3rd symposium of the Special Research Centre 295 - Cultural and linguistic contacts. Processes of change in historical conflict areas in Northeast Africa/Western Asia "The Culture of Contact" 2004, October, 21 - 24 Johannes Gutenberg University, Mainz (Germany)
The third symposium of our research centre will be on "culture of
contact" - a term with which we want to refer to social constructions
of reality and cultural objectivations as they emerge through
contact-induced processes of communication. Thus, our project will deal
with both well-defined forms of cultural contact and cultures that in
one way or another are the result of contact-induced change. The
cultivation of contact between societies only starts when transcultural
encounters become permanent and lead to the establishment of network
structures (see figure below). Specialists such as traders, messengers,
translators and ritual specialists as well as people living on the
borderline of different cultures play an important role in these
network structures because they initiate contact and they contribute to
its conventionalization. Two resulting stages might develop out of an
initial stage (a) of cultivated contact in the schema below: First, a
well-established culture of contact constitutes a separate cultural
sphere restricted to interactions between the original cultures
involved (b). Second, the cultures in contact merge to such an extent
that a new syncretistic culture evolves (c). Figure: The development of a "culture of contact" [coming soon]
The symposium focuses on the description and interpretation of various
forms and modalities concerning the cultivation of contact in stage
(a). The emergence and maintenance of a culture of contact is
characterised by different prerequisites and motivations. Therefore, a
culture of contact may evolve out of dynamic, flexible, adaptive, or
extroverted cultures, as well as out of cultures that are static,
self-contained or introverted. According to the type of contact, the
relationship between the individuals (mostly professional specialists)
and groups who are involved in contact situations may be symmetrical or
asymmetrical, close or loose, strong or weak, long lasting or short
termed. In addition, this relationship may be expressed in different
contact media, i.e. objectivations.
Hence, the papers presented at the symposium will deal with the
description and analysis of (i) social processes (everyday
interactions, debates, conflicts, interaction rituals, etc.), (ii)
emerging constructions of reality (religious beliefs, ideologies,
self-images, images of the other, etc.), or (iii) cultural
objectivations (objects of everyday life, written and oral texts,
constructions and artefacts representing religious or political ideas,
rigidly fixed rituals, etc.). As a matter of fact, language interacts
with each of these three domains. The
following questions are of special interest: What are the specific
situations and motivations for establishing a culture of contact? How
and at which point does a contact culture proceed from phase (a) to
phase (b) or (c), respectively? How does the culture of contact
manifest itself in language structures? Due
to the lack of sufficient data in the respective fields of research it
is not always possible to observe processes in phase (a) directly.
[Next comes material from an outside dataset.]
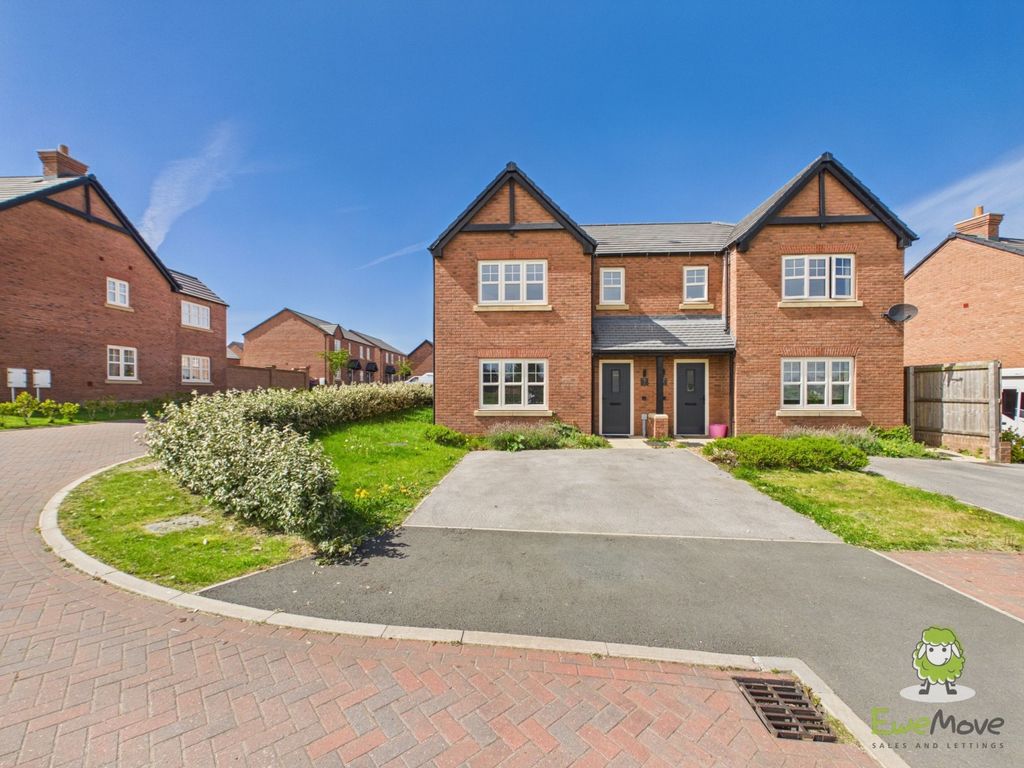 Property photo 1 of 20 Front Of Property - Ewemove Whitchurch And Nantwic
Therefore, we are also interested in mechanisms that allow the
reconstruction processes in (a) drawing on data from the subsequent
phases (b) and (c). Ultimately,
the objective of the symposium is to establish an interdisciplinary
approach to contact induced change in human culture. This approach
should make it possible to integrate different dimensions of cultural
contacts (processes, constructions of reality, objectivations) into a
wider context of causal correlations and, finally, into a coherent
theory of the role of contact in culture.